Vanilla Javascript (the core language and its fundamentals) can also be learned from W3Schools. If you only care about simple web pages, vanilla Javascript is what you need. Learn it to manipulate the DOM (Document Object Model) and display data.
Putting It All Together
We know how to perform spatial data analysis using Python. Write scripts that do the analysis for you, substituting the point-and-click workflow. Convert raw data into usable insight. Those insights then need to be visualised so that everyone can understand them.
Visualisation is done using Javascript libraries. Maps are produced using tools like OpenLayers or Leaflet.js. ArcGIS Online is another option if you are working within an Esri environment. Once you have the maps, you lay them out for the audience.

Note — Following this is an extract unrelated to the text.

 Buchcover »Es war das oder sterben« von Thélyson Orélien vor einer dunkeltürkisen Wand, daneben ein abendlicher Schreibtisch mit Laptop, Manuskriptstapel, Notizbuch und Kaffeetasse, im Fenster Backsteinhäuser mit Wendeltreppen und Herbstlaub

This is where HTML comes in. Make it presentable using CSS (Cascading Style Sheets) to dictate fonts, colours, and layout. HTML is the wrapper for the maps we produce. Finally, deploy everything to a server, or zip it statically and share it.
Conclusion
Python is used as the analysis and modelling tool. Javascript is used to make things interactive and present the maps. HTML is used to lay everything out and wrap it all together. Both Javascript and Python can be used to develop full stack applications or anything related to mapping.
A Note on Depth
This article provides the high level idea of how things work within the spatial data science realm. The technical details are what matter most, because a tiny bug will cause failure for the whole project. For instance, deploying to a server requires understanding how servers work, or what TCP/IP is; creating modules in both Javascript and Python; understanding logging to mitigate bugs; version control with Git; and much more. There is a reason every coding tutorial is 17 hours long, and that is just the code. Everything needs to work, and some things need to work first. That is what this article has discussed.